But, your point still stands, if the device is capable of a 512b write and you tell it to do so against your best interest, it probably should let you, with some loud warnings at least.
Hi Jesus Yes, hope the option could work. with some loud warnings is OK.
The easy way to test ashift=9 in 2.0.7
- ./module/os/linux/zfs/vdev_disk.c:334: *physical_ashift = highbit64(MAX(physical_block_size,
+ ./module/os/linux/zfs/vdev_disk.c:334: *physical_ashift = highbit64(MIN(physical_block_size,
In my ashfit=9 test, Severe performance decreased in one HDD vendor
Another one 512B is OK
If you want to upgrade to 20+TB HDD with ashfit=9, zfs 0.7.X is not appropriate, must be 0.8 or higher
And if you add special class for offloading, two vendors could work well in our work loading
If you want to get the high performance, ashfit=12 is the only choice
Here is the directory test under 2.1.11. It appears that ashift 12 also wastes a lot of space.

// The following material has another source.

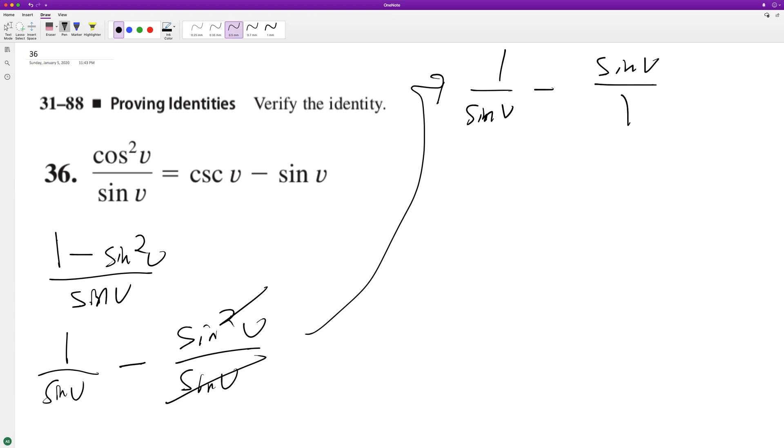All right, so what we can do here is write one over sine v minus one over one over sine v.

If I move data from the ashift 9 zpool to the ashift 12 zpool, the ashift 12 zpool may not be able to save all of the data if they are the same capacity.
[ 31.457200] ZFS: Loaded module v2.1.11-1, ZFS pool version 5000, ZFS filesystem version 5
There are 2 x raidz3(16+3),the test_ost_1-4K set by ashift=12,the test_ost_0 is ashift=9
zdb -v -O test_ost_1-4K xxx/xxx/xxx/dir_0 | head
Object lvl iblk dblk dsize dnsize lsize %full type
1290 2 128K 16K 12.9M 1K 4.02M 100.00 ZFS directory
176 bonus System attributes
dnode flags: USED_BYTES USERUSED_ACCOUNTED USEROBJUSED_ACCOUNTED
dnode maxblkid: 256
uid 0
gid 0
atime Wed Jun 21 14:38:17 2023
mtime Wed Jun 21 12:52:42 2023
zdb -v -O test_ost_0 xxx/xxx/xxx/dir_0 | head
Object lvl iblk dblk dsize dnsize lsize %full type
2182 2 128K 16K 3.37M 1K 4.02M 100.00 ZFS directory
176 bonus System attributes
dnode flags: USED_BYTES USERUSED_ACCOUNTED USEROBJUSED_ACCOUNTED
dnode maxblkid: 256
uid 0
gid 0
atime Wed Jun 21 14:39:12 2023
mtime Wed Jun 21 12:52:45 2023
3453 drwxr-xr-x 2 root root 20003 Jun 21 12:52 0 <---ashift=9
13166 drwxr-xr-x 2 root root 20003 Jun 21 12:52 0 <---ashift=12
zpool list
NAME SIZE ALLOC FREE CKPOINT EXPANDSZ FRAG CAP DEDUP HEALTH ALTROOT
test_ost_0 207T 556G 207T - - 0% 0% 1.00x ONLINE -
test_ost_1-4K 207T 698G 207T - - 0% 0% 1.00x ONLINE -
df -i /test_ost_1-4K /test_ost_0
Filesystem Inodes IUsed IFree IUse% Mounted on
test_ost_1-4K 354295106749 14401498 354280705251 1% /test_ost_1-4K
test_ost_0 373616575248 14401498 373602173750 1% /test_ost_0
df -B 1 /test_ost_1-4K /test_ost_0
Filesystem 1B-blocks Used Available Use% Mounted on
test_ost_1-4K 181990511607808 598790635520 181391720972288 1% /test_ost_1-4K
test_ost_0 191787165548544 502852747264 191284312801280 1% /test_ost_0
-
1B-blocks
- ashift 9 = 181990511607808 Bytes
- ashift 12 = 191787165548544 Bytes
- 181990511607808/191787165548544 = 94.89%
-
Used
- test script will write(each append about 16K data) 20001 x 32K file to single directory)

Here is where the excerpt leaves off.